## Problem to solve:
The lines to extract run from the first line of the entries through the line that contains "Polo de manga"; reproduce exactly those lines and no others.

[Short text fragments from websites]
===============

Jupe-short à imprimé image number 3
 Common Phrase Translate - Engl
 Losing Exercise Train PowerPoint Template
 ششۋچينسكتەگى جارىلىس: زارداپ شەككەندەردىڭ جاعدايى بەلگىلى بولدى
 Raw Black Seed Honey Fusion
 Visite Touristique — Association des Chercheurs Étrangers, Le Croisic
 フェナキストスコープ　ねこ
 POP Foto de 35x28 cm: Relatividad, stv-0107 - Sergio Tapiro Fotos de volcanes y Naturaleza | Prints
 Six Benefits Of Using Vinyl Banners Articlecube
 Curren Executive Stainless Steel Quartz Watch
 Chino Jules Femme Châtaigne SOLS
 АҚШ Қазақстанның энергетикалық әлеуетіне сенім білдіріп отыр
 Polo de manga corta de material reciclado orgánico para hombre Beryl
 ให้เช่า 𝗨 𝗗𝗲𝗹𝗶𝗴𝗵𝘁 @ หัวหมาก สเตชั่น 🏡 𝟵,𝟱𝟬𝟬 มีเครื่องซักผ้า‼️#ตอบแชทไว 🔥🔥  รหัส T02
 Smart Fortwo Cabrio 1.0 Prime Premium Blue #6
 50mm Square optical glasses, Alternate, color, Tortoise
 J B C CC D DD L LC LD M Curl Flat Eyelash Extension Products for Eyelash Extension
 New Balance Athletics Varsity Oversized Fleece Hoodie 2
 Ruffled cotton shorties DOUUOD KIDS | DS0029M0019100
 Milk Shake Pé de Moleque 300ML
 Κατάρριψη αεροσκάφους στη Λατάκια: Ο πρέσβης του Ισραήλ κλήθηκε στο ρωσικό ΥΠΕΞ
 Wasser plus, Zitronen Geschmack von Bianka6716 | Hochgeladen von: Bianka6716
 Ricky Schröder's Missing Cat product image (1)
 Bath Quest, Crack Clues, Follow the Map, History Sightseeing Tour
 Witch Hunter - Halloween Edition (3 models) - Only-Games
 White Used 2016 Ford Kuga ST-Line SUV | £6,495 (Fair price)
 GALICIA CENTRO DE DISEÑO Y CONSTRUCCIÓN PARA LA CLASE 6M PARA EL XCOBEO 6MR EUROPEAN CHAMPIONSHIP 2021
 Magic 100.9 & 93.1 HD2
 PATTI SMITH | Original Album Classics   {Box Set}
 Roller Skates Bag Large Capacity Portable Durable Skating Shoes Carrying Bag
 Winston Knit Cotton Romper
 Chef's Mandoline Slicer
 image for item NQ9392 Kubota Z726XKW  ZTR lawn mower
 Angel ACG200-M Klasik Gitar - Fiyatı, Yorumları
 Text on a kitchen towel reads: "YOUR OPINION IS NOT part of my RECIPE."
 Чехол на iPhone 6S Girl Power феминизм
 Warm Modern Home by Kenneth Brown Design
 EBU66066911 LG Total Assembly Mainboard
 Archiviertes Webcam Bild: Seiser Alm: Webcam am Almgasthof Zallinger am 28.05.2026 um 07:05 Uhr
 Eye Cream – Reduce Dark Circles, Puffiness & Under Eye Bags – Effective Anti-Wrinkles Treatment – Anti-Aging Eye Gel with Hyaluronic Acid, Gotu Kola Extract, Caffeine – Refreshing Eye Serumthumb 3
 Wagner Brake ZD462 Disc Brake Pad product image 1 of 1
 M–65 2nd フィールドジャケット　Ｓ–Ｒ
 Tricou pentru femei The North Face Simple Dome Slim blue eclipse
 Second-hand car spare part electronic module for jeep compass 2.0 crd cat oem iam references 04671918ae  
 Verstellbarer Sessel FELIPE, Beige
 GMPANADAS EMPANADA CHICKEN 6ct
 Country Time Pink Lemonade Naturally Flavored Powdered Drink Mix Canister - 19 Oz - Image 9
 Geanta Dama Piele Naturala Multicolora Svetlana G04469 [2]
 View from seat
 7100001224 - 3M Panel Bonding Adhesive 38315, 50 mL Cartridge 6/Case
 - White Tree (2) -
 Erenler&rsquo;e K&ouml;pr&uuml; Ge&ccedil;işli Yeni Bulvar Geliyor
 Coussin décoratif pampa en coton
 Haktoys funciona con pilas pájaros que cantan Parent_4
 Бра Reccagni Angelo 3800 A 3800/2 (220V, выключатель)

===============

## Answer to the problem:
Jupe-short à imprimé image number 3
 Common Phrase Translate - Engl
 Losing Exercise Train PowerPoint Template
 ششۋچينسكتەگى جارىلىس: زارداپ شەككەندەردىڭ جاعدايى بەلگىلى بولدى
 Raw Black Seed Honey Fusion
 Visite Touristique — Association des Chercheurs Étrangers, Le Croisic
 フェナキストスコープ　ねこ
 POP Foto de 35x28 cm: Relatividad, stv-0107 - Sergio Tapiro Fotos de volcanes y Naturaleza | Prints
 Six Benefits Of Using Vinyl Banners Articlecube
 Curren Executive Stainless Steel Quartz Watch
 Chino Jules Femme Châtaigne SOLS
 АҚШ Қазақстанның энергетикалық әлеуетіне сенім білдіріп отыр
 Polo de manga corta de material reciclado orgánico para hombre Beryl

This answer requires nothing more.